Response: Thank you for the comment. The washing process requires a blotting paper at the bottom of the sensing paper. Once we drop the washing buffer on the test zone, washing buffer penetrate the sensing paper and absorbed by the blotting below under capillary force. We added the description in page 3, line 106.

4. At least 60 control samples, 30 samples of SPTB and 30 samples of DPTB should be analyzed to show a statistically acceptable model of the studied device.

Response: Thanks for your suggestion. As mentioned above, it is a proof-of-concept study. Although clinical applications of P-ELISA for burn wound assessment requires additional study, we look forward to seeing further growth in the field.

5. Figure 4 should include error bars.

Response: Thank you for the suggestion. We have added the error bars in page 6, Figure 4.

6. Limit of detection, dynamic range, accuracy and precision should be included in Table 1.

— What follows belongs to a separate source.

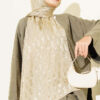 Textured Jacquard Shaw Oil Green - Imagen 2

Response: Thank you for the suggestion. In this study, paper-based ELISA method can only show different cytokine expressions between deep and superficial partial thickness burn wounds. Further study should be done to estimate the LOD and LOQ value as well as the accuracy and precision of the detection. Although it can only conduct qualitative analysis in recent stage, P-ELISA exhibits its advantage in wound assessment when compared with conventional ELISA in Table 1. We will add the analytic method in page 8, Table 1, and revise the text in page 8, line 244.

Round 2

Reviewer 2 Report

I am very happy that revised manuscript has been improved significantly in response to the reviewer comments. Only one point should be corrected: in line 138, the optimal concentration is 0.033 μg/mL, not 0.33 μg/mL. Please check and revise it.

Author Response

Response to Reviewer #2:

1. In line 138, the optimal concentration is 0.033 μg/mL, not 0.33 μg/mL. Please check and revise it.

Response: Thank you for your reminder. We had revised the concentration value in page 4, line 138.

Reviewer 3 Report

The auhtors partially addressed the comments and suggestions (previously provided by the referee) discussing that this is a proof of concept. Hence, the title of this manuscript is suggeted to be changed as follows: "Preliminary Assessment of Burn Depth by Paper-based ELISA for the Detection of Angiogenin in Burn Blister Fluid -A proof of concept".

Author Response

Response to Reviewer #3:

1. The authors partially addressed the comments and suggestions (previously provided by the referee) discussing that this is a proof of concept. Hence, the title of this manuscript is suggested to be changed as follows: "Preliminary Assessment of Burn Depth by Paper-based ELISA for the Detection of Angiogenin in Burn Blister Fluid -A proof of concept".

Response: Thank you for your suggestion. We agree your point and had changed the title to "Preliminary Assessment of Burn Depth by Paper-based ELISA for the Detection of Angiogenin in Burn Blister Fluid -A proof of concept".